**Directions for this task:** Your copy of the lines below must match them exactly and contain no images.

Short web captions
==============================

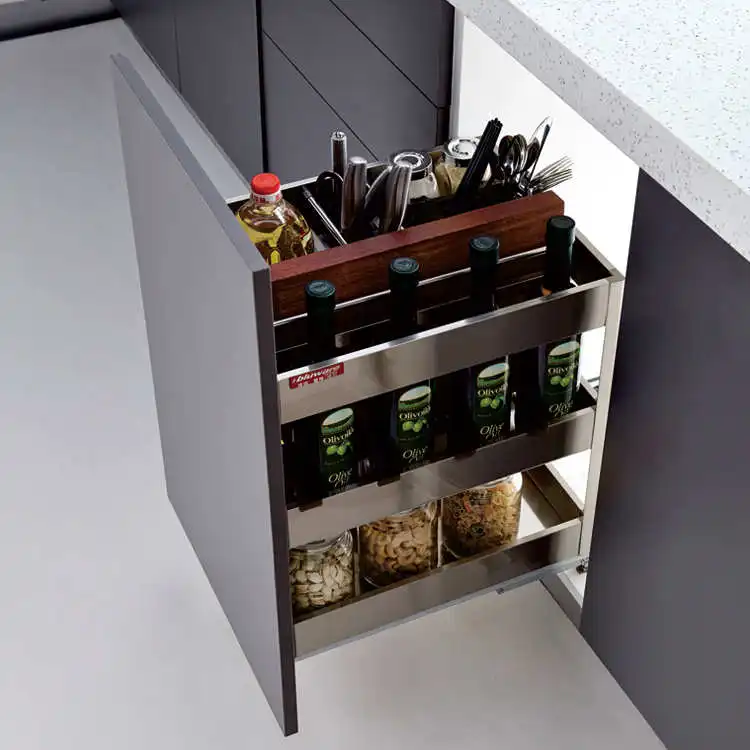 
three sided drawer basket, soft closing drawer basket , stainless steel drawer basket 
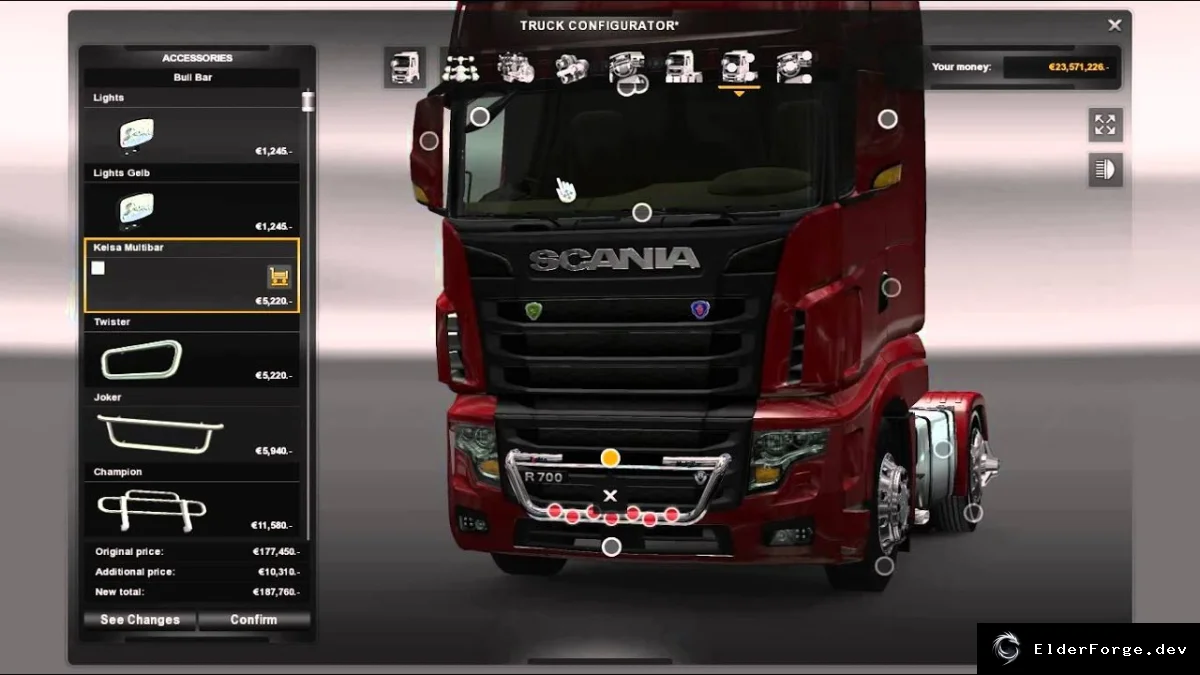 Обложка мода: Scania R700 Lux (Beta) – мод для Euro Truck Simulator 2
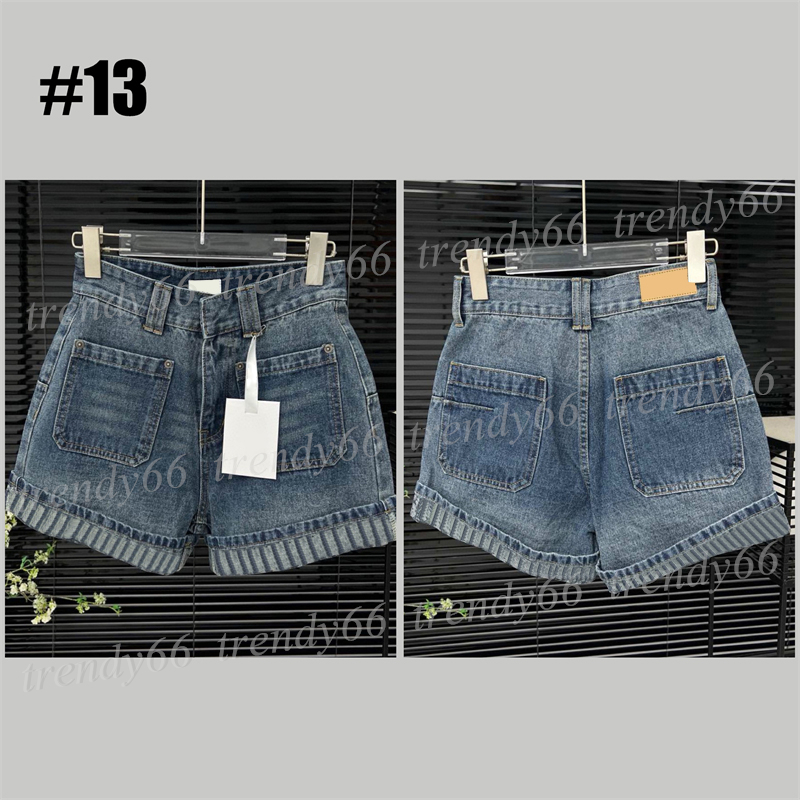 Premium Quality Fashion Brand Women's Denim Shorts Hot Pants for Summer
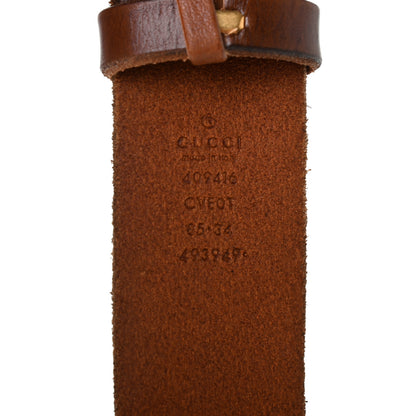 Gucci Faded Calfskin Double G 40mm Belt 85 34 Cuir 3 of 5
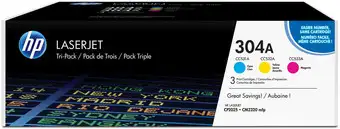 Картридж HP 304A 3-pack (CF372AM) – изображение в каталоге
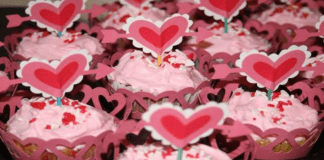 Valentine’s Dinner: An Allergy-Friendly Menu Allergy-friendly dairy and egg-free strawberry cupcakes (Valentine's Dinner: An Allergy-Friendly Menu Gabriela Morales Contributor Miami Mom Collective)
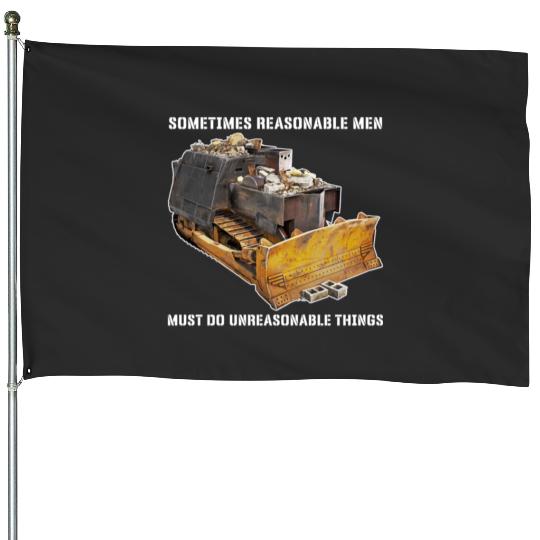 Killdozer House Flags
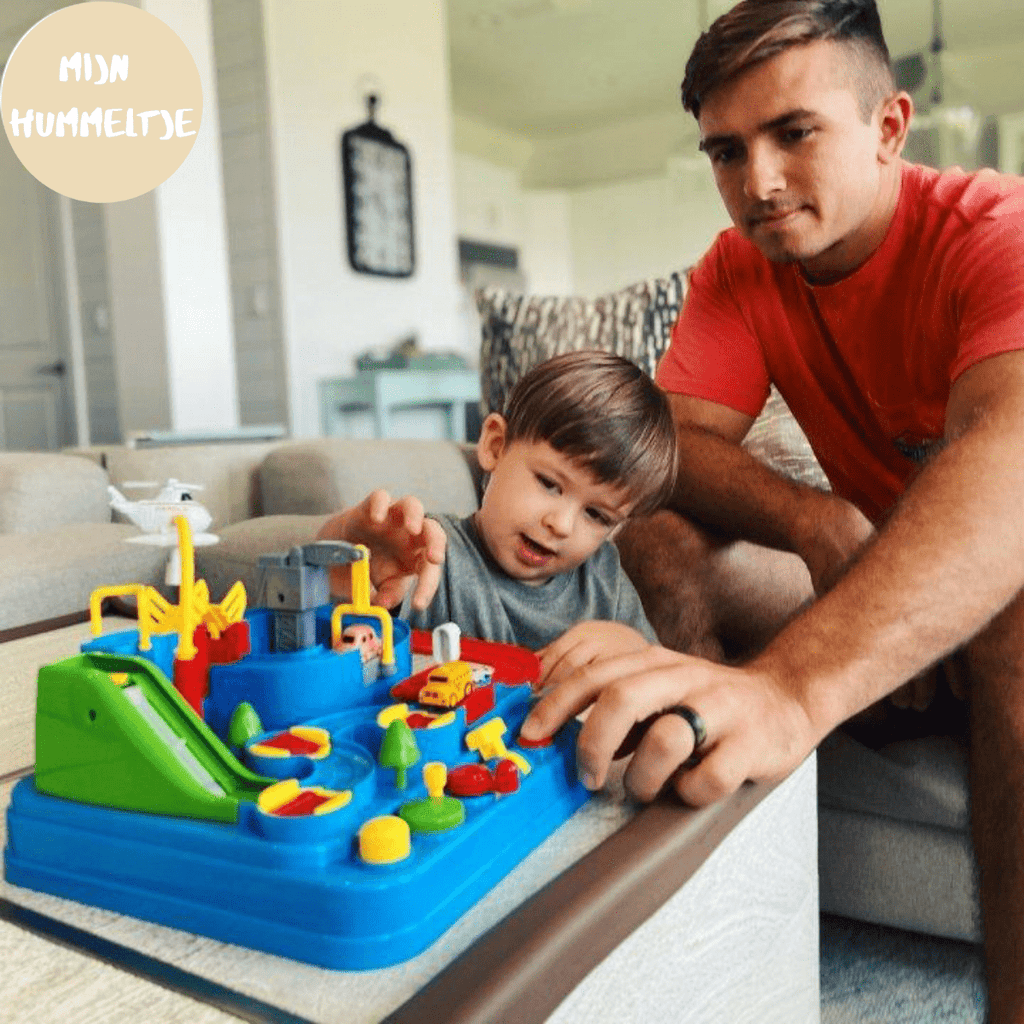UrbanPlay City Playset With Cars And Helicopter For Ages 3 And Up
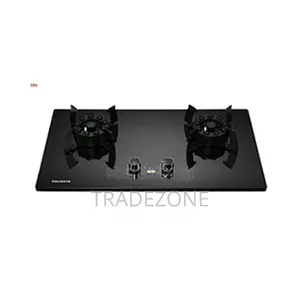 Polystar 90CM 2 Burner Tempered Glass Built-in Gas Hob | PV-NYQB2002T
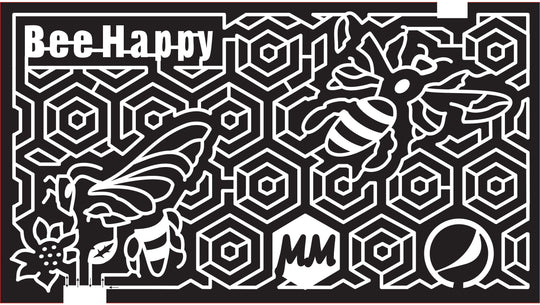 15_WY_Casper 2015, Wyoming, Casper, Bee Happy, MM, Sunflower, Insect, Insects, Bug, Bugs, Wing, WIngs, Honeycomb, Honey, Hexagon, bee,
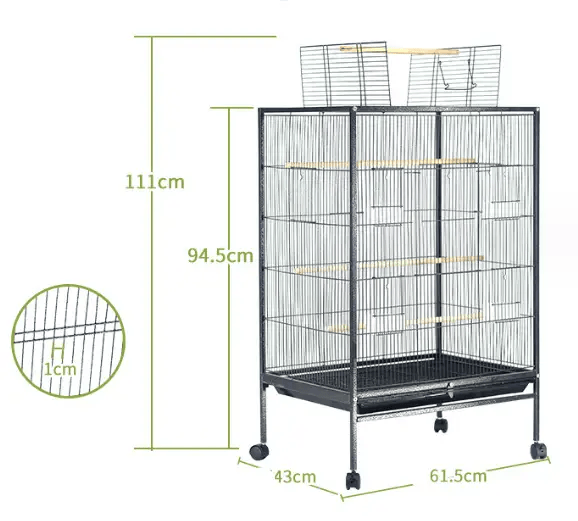 salelink.co.nz Unbranded 95cm Standing Bird Parrot Cage 95cm Standing Bird Parrot Cage | Action Outdoors NZ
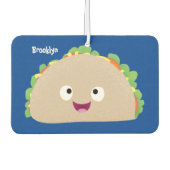 かわいい幸せな笑顔タコアニメイラストレーション カーエアーフレッシュナー (正面)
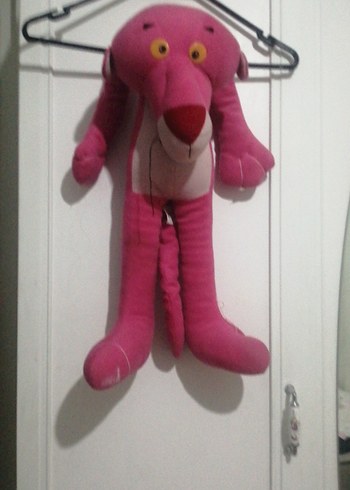  Beden Renk Uzun Pembe Peluş Oyuncak Pembe panter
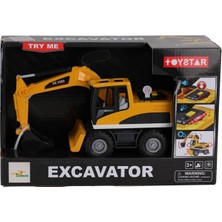 Limon Oyuncak 666-60R 1 14 Pilli Işıklı Iş Makinesi Seti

==============================

**Your response:**
three sided drawer basket, soft closing drawer basket , stainless steel drawer basket 
 Обложка мода: Scania R700 Lux (Beta) – мод для Euro Truck Simulator 2
 Premium Quality Fashion Brand Women's Denim Shorts Hot Pants for Summer
 Gucci Faded Calfskin Double G 40mm Belt 85 34 Cuir 3 of 5
 Картридж HP 304A 3-pack (CF372AM) – изображение в каталоге
 Valentine’s Dinner: An Allergy-Friendly Menu Allergy-friendly dairy and egg-free strawberry cupcakes (Valentine's Dinner: An Allergy-Friendly Menu Gabriela Morales Contributor Miami Mom Collective)
 Killdozer House Flags
UrbanPlay City Playset With Cars And Helicopter For Ages 3 And Up
 Polystar 90CM 2 Burner Tempered Glass Built-in Gas Hob | PV-NYQB2002T
 15_WY_Casper 2015, Wyoming, Casper, Bee Happy, MM, Sunflower, Insect, Insects, Bug, Bugs, Wing, WIngs, Honeycomb, Honey, Hexagon, bee,
 salelink.co.nz Unbranded 95cm Standing Bird Parrot Cage 95cm Standing Bird Parrot Cage | Action Outdoors NZ
 かわいい幸せな笑顔タコアニメイラストレーション カーエアーフレッシュナー (正面)
  Beden Renk Uzun Pembe Peluş Oyuncak Pembe panter
 Limon Oyuncak 666-60R 1 14 Pilli Işıklı Iş Makinesi Seti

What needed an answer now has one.